Amri menyebutkan, belajar dari dua persitiwa tersebut, artinya bahwa pihak Pertamina toledor dan mengabaikan kemungkinan dampak-dampak yang akan ditimbulkan jika terjadi kebocoran dan hal serupa lainnya. Demikian juga dengan pemerintah yang masih tidak menunjukkan sikap tegas atas keteledoran tersebut dan tindakan kongkrit langsung sebagai upaya untuk pencegahan dampak lebih besar dan luas selanjutnya.
“Pemerintah masih cenderung abai atas kejadian ini yang secara terang memiliki dampak kerusakan yang parah terhadap lingkungan, baik berupa pencemaran laut beserta biota dan ekosistem lainnya, maupun dampak sosial dan ekonomi yang selanjutnya dapat menimbulkan berbagai masalah bagi masyarakat setempat,” jelasnya.

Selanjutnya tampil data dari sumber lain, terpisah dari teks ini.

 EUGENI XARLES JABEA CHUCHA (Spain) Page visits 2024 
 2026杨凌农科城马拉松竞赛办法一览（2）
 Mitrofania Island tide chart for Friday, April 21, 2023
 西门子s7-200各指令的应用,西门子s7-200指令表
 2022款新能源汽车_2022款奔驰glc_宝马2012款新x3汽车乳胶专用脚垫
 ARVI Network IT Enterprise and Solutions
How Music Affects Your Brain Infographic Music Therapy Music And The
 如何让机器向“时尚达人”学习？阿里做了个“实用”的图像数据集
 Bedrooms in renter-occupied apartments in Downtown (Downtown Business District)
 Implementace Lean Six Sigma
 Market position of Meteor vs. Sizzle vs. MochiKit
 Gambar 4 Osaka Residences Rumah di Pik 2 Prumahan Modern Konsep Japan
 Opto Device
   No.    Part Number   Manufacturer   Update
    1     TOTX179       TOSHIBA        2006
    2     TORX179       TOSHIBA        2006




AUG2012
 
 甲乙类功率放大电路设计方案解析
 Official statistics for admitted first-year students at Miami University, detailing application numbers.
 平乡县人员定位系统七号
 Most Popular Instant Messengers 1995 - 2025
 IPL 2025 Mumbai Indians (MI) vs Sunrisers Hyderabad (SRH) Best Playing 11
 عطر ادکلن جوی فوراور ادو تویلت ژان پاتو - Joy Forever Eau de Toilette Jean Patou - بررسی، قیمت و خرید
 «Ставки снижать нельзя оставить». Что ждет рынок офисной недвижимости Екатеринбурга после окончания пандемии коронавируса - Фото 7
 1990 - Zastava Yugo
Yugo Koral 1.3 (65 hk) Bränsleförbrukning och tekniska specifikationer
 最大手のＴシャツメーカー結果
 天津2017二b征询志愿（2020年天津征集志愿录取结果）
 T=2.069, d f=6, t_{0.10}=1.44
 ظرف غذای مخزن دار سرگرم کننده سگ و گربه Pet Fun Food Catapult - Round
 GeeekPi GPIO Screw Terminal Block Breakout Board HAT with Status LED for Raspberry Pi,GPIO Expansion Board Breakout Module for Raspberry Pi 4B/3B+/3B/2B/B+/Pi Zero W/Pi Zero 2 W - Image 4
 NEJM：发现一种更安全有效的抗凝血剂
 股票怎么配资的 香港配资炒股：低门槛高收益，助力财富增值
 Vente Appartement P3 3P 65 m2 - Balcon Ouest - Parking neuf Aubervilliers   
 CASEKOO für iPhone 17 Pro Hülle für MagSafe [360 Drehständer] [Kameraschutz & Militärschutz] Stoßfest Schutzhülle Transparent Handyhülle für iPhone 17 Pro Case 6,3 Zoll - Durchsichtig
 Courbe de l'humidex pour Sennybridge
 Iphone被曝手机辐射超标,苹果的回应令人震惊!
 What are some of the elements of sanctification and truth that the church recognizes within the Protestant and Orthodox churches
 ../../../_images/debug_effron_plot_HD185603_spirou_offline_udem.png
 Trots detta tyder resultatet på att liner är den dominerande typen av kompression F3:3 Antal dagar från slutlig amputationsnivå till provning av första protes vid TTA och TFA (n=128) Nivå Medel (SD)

Sikap abai Pemerintah atas peristiwa semacam ini adalah merupakan tindakan pidana akibat pelanggaran terhadap Undang-undang, khususnya Undang-undang No. 32, Tahun 2009 tentang Perlindungan Pengelolaan Lingkungan Hidup (PPLH), terkait pasal 97 tentang ketentuan pidana dalam UU 32 tahun 2009 yang menegaskan bahwa ini adalah tindak kejahatan terhadap lingkungan.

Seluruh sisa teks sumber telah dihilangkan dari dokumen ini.